I'm posting a continuation of my question from this thread.
I'm trying to create a string that begins with a '!' and adds 6 values read from a sensor (separated by commas) and then sends it over a serial port. A sample output would be: "!5,5,5,5,5,5" or "!34,34,34,34,34,34".
My code is mostly working; I'm able to send the value of one analog sensor across my serial port, !215!215!215 for example, but when I un-comment the for loop code below I see nothing across my serial port and the program seems, for lack of a better word, useless.
There seems to be a runtime error occuring in my for loop but I can't determine where it happens. Why does my code below successfully send serial data for one analog sensor without using the for loop, and send nothing when using the for loop? How can I tweak my code to achieve my desired output?
char* convertIntToString(uint8_t integerValue, char* str){
utoa(integerValue, str, 10);
return str;
}
char* concat(char *s1, char *s2)
{
char *result = malloc(strlen(s1)+strlen(s2)+1);
strcpy(result, s1);
strcat(result, s2);
return result;
}
int main(void){
uint8_t analogValue;
char *outputStr = malloc(1);
while (1) {
outputStr = realloc(outputStr, 2);
strcpy(outputStr, "!");
analogValue = ReadADC(0);
char str[4];
outputStr = concat(outputStr, convertIntToString(analogValue, str));
//RUNTIME ERROR IN THIS LOOP
for(int i = 0; i < 5; i++){
char* newStr = concat(outputStr, ",");
// free the old memory before using the new memory
free(outputStr);
outputStr = newStr;
newStr = concat(outputStr, convertIntToString(analogValue, str));
// free the old memory before using the new memory
free(outputStr);
outputStr = newStr;
}
CDC_Device_SendString(&VirtualSerial_CDC_Interface, outputStr); //send sring over serial port
free(outputStr);
}
}
Expanded from the comment above and comments in the previous question.
If you are able to calculate the maximum size of a "packet", then you can avoid dynamic memory all together and just use a fixed buffer size. The calculation doesn't even have to be 100% accurate, as long as it errs on the side of "too big".

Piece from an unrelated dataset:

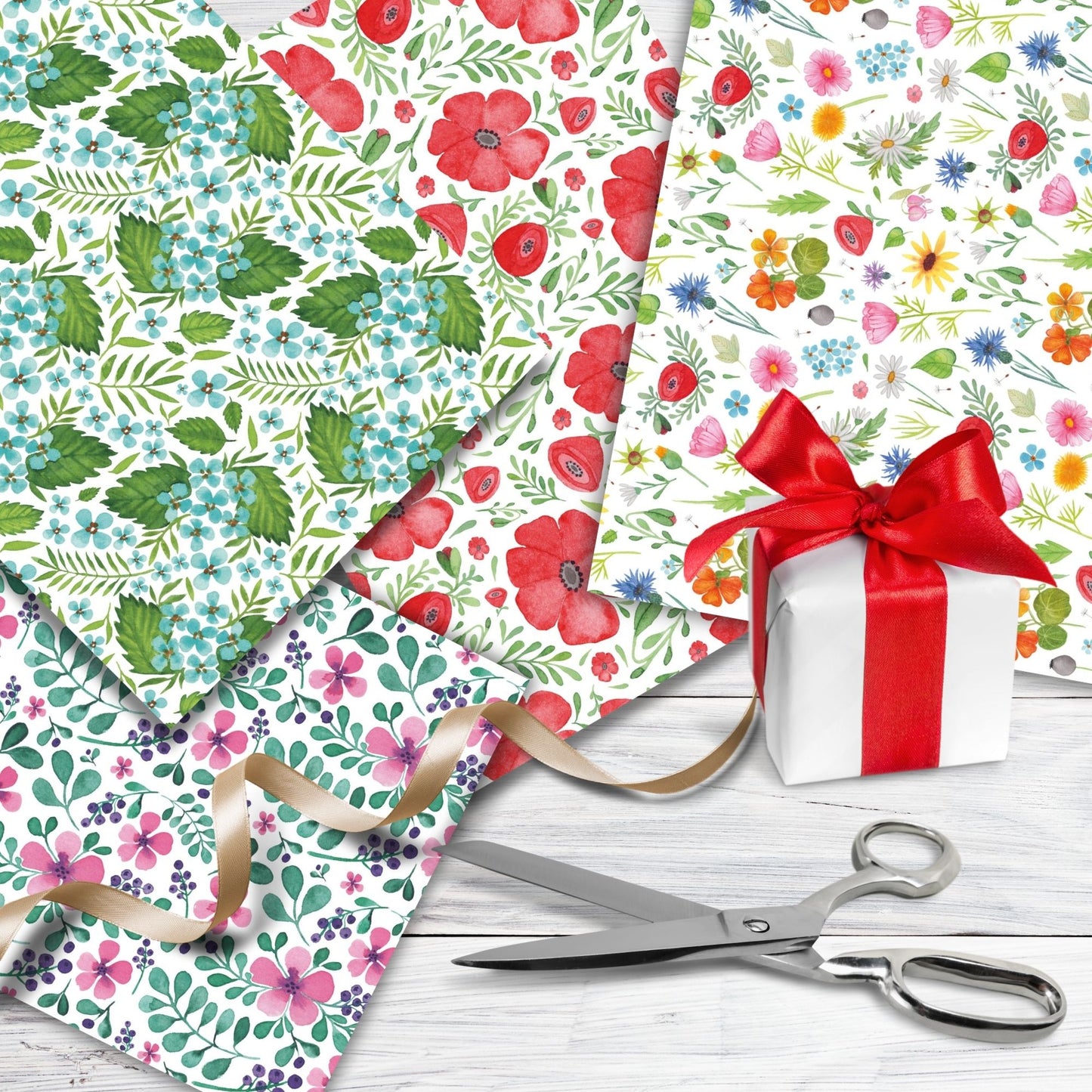 Geschenkpapier A4 zum Ausdrucken – Nachhaltiges Bastelpapier mit Blumenmotiven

e.g.: 5 instances of 5 numbers with a max of 3 digits separated by commas: 5 * 5 * 4 (3 digits + a comma). Not 100% right because the 5th group doesn't need a comma, so you are over estimating by one (or is that 5?). Just be aware of the possible cumulative effect of this if you have multiple "known errors".
So assuming you can estimate the max size, perhaps "encode" it via #defines - perhaps even fixing some of the "known errors").

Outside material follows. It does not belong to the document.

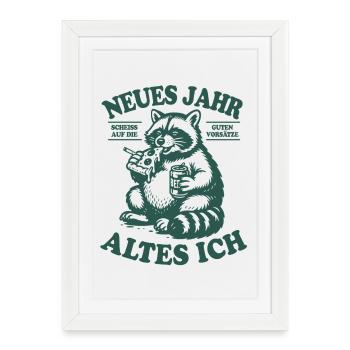 Raccoon | Nouvelle année, vieux moi | bonnes intentions - Affiche encadrée (27 × 37 cm) - blanc - Devant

So now you have char buffer[KNOWN_UPPER_BOUND], as long as you initialize it correctly (e.g. buffer[0] = '\0';, you can just keep appending to it via strcat(). If you were talking big numbers, you could keep track of the last index to avoid repeated scans through the string looking for the end.
e.g. (using globals for simplicity)
char buffer[KNOWN_UPPER_BOUND];
int last_index=0;
addString(char* str)
{
int len = strlen(str);
if (last_index + len > KNOWN_UPPER_BOUND)
{
/* error handling */
}
else
{
strcat(buffer[last_index], str);
last_index += n;
}
}
So what were some of the issues with the dynamic code?

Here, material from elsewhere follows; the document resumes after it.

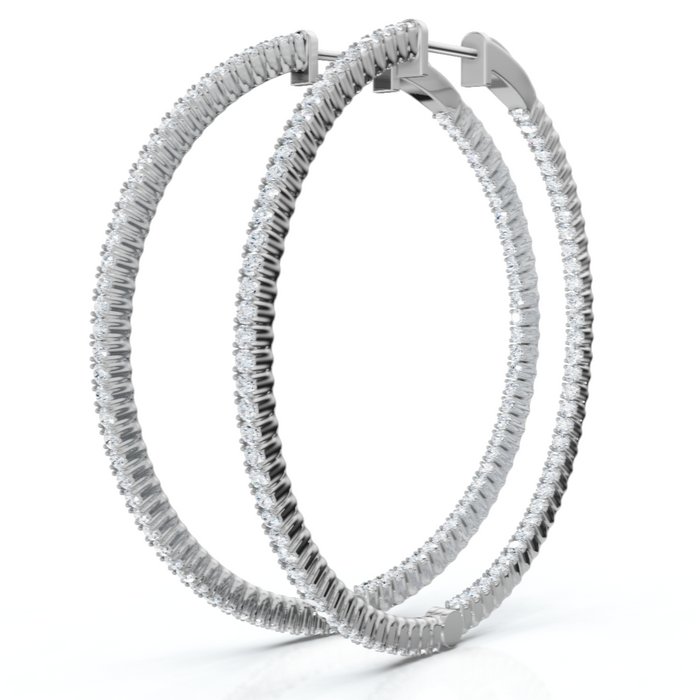 1 3/4Ct Diamond Inside Outside 2" Tall Hoops Earrings Lab Grown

Potential for leaks (much like the errors I mentioned in the calculation - ok (by which I mean 'not overly harmful in a small program') if you leak 2 bytes once, not so good when you put it in a loop and leak 2 bytes over and over again)
Speed issues - malloc is out of you control, it could be very slow. A lot of small allocations can fragment memory which may mean later on when you want a bigger block you can't get one.
Lots of copying and re-copying of data. Your concat is an example here - each concat does a malloc and copies both strings. Every time you call it.
You could still use dynamic memory to hold the final string, but build up each "component" in a fixed size buffer.
What if you move the declaration of char* newStr outside the loop.
Declaring the newStr as char array will be better than pointer to avoid leakage. something like char newStr[50]
char sentence2[10];
strncpy(sentence2, second, sizeof(sentence2)); //shouldn't I specify the sizeof(source) instead of sizeof(destination)?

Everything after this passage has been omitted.